Source data:
- - -

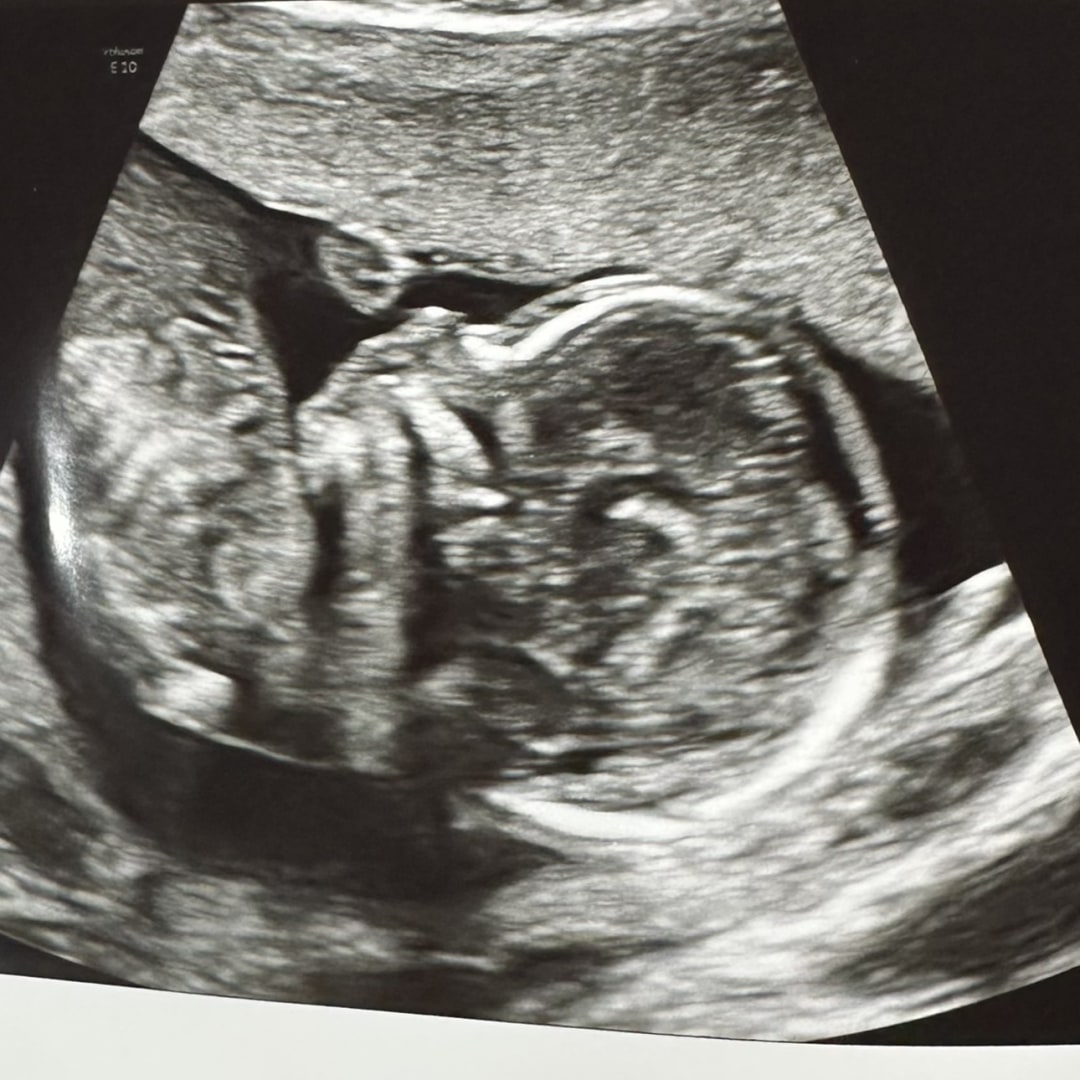 Photo shared by Lynn for their Babylist baby registry.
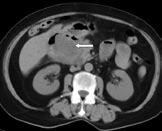 Obr. 3 Obr. 3. a 4. Aerobilie patrná na CT vyšetření s podáním bolusu kontrastní látky intravenózně v měkkotkáňovém okně (obr. 3) a plicním okně (obr. 4) Obr. 4 Fig. 3. and 4.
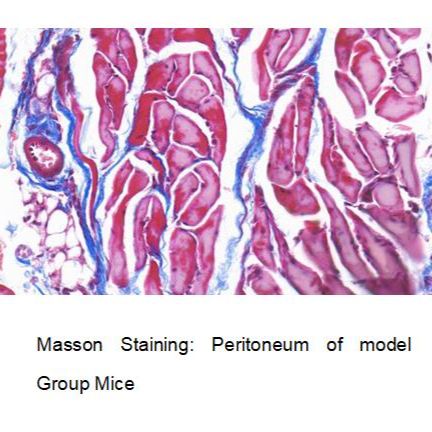 腹膜纤维化(PF)小鼠模型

- - -

Nothing but the pictures should be left out when the material above is copied.

Output of the task:
 Photo shared by Lynn for their Babylist baby registry.
 Obr. 3 Obr. 3. a 4. Aerobilie patrná na CT vyšetření s podáním bolusu kontrastní látky intravenózně v měkkotkáňovém okně (obr. 3) a plicním okně (obr. 4) Obr. 4 Fig. 3. and 4.
 腹膜纤维化(PF)小鼠模型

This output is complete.